Règlements de compte ethniques dans l’Assam

Publié le 28 juillet 2012 par Journalpakistan @journalpakistan

Six mille soldats sont déployés dans le nord-est de l’Inde pour rétablir le calme. Les violences ont fait au moins 45 morts depuis le 20 juillet. Le Premier ministre indien est attendu sur place ce samedi.

Emmanuel Derville, à New Delhi. Paru dans La Libre Belgique le 28 juillet.

Sept jours après le début des violences, les survivants racontent leur calvaire. Les témoignages tournent en boucle sur les télévisions indiennes. Ils se ressemblent tous : chacun détaille comment il a vu un de ses proches tué par arme à feu ou découpé à la hache avant de contempler sa maison brûler. Deux cent mille personnes ont fui et le chiffre pourrait augmenter. Révélateur du mouvement de panique qu’ont provoqué les règlements de compte entre la communauté bodo et les Indiens musulmans originaires du Bangladesh.

Le vent de la colère s’est levé au printemps. Le 29 mai, un syndicat étudiant musulman, l’Union étudiante des minorités du Bodoland, lance un appel à la grève générale pour une dispute autour d’une mosquée installée aux abords de Kokrajhar. L’administration locale, tenue par les Bodos, veut casser la grève.

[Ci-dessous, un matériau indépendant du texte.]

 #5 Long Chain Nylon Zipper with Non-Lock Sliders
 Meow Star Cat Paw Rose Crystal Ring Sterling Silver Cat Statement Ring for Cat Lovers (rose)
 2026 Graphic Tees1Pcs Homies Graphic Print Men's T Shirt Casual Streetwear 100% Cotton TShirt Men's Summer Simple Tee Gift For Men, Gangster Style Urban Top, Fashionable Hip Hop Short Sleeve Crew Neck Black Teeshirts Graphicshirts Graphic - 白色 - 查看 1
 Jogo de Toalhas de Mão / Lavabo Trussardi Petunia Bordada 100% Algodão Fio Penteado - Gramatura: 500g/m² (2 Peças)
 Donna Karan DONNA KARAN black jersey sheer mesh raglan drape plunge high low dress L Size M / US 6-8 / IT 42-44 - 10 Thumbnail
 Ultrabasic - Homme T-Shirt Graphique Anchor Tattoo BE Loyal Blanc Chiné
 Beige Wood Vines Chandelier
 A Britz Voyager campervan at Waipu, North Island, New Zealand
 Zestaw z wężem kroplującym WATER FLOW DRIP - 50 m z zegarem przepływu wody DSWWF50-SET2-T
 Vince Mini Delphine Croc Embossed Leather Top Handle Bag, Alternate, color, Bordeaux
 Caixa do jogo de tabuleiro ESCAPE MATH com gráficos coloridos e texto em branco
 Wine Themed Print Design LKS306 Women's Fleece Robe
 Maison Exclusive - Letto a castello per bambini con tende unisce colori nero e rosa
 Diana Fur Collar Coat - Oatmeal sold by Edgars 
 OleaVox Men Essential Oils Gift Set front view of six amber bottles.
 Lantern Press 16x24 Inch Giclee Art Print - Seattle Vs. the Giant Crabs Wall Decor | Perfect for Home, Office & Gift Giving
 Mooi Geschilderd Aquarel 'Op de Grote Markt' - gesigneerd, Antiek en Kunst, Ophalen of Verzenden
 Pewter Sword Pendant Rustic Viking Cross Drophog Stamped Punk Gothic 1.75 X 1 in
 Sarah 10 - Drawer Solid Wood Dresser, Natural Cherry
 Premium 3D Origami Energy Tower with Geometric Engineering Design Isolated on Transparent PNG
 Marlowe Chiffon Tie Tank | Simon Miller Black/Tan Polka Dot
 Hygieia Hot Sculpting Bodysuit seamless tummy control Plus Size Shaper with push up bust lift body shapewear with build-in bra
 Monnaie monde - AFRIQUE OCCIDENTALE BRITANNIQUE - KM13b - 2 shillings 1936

Des heurts éclatent : six blessés. C’est le début d’un cycle de représailles. Le 19 juillet, deux syndicalistes étudiants de confession musulmane sont abattus. Le lendemain, quatre membres des Tigres de libération du Bodoland, un groupe autonomiste bodo, sont assassinés. Quatre districts de l’Assam, en particulier celui de Kokrajhar, basculent dans la guerre ethnique.

Deux facteurs expliquent ces violences. D’abord, il y a l’immigration incontrôlée. ”Depuis cinq ans, la région accueille de plus en plus d’immigrés du Bangladesh , constate Namrata Goswami, chercheuse à l’Institute for Defence Studies and Analyses de Delhi. Ils travaillent dans les champs, pour les propriétaires bodos. Puis, ils prennent le contrôle des terres. Les Bodos ne peuvent rien faire car ils ne possèdent aucun titre de propriété. Et la situation économique conjuguée aux inondations récurrentes au Bangladesh en incite beaucoup à partir travailler en Inde.” La police locale estime que 50 000 immigrés passent la frontière indienne chaque jour. Un chiffre difficile à vérifier.

Ensuite, alors que les Bodos sont devenus minoritaires, ils dominent le jeu politique et réclament un Etat bodo autonome au sein de la fédération. ”Cette revendication inquiète les autres ethnies, en particulier les immigrés bangladeshis que les Bodos perçoivent comme des étrangers, note Sanjib Baruah, professeur de sciences politiques au Bard College de New York, qui ajoute : les immigrés bengalis affluent en Assam depuis des décennies. Les deuxième et troisième générations sont nées en Inde. Ce sont des citoyens à part entière.

Pour le gouvernement indien, il devient urgent de trouver une solution. Les districts touchés par les violences sont au cœur d’un corridor stratégique qui relie l’Ouest de l’Inde à toute la région de l’Assam. Frontalière de la Chine, du Bhoutan, du Bangladesh et de la Birmanie, l’Assam est riche en pétrole, thé, minerai… Et si l’instabilité perdure, le Pakistan, ennemi traditionnel de l’Inde, pourrait être tenté d’encourager les groupes musulmans dans leur lutte.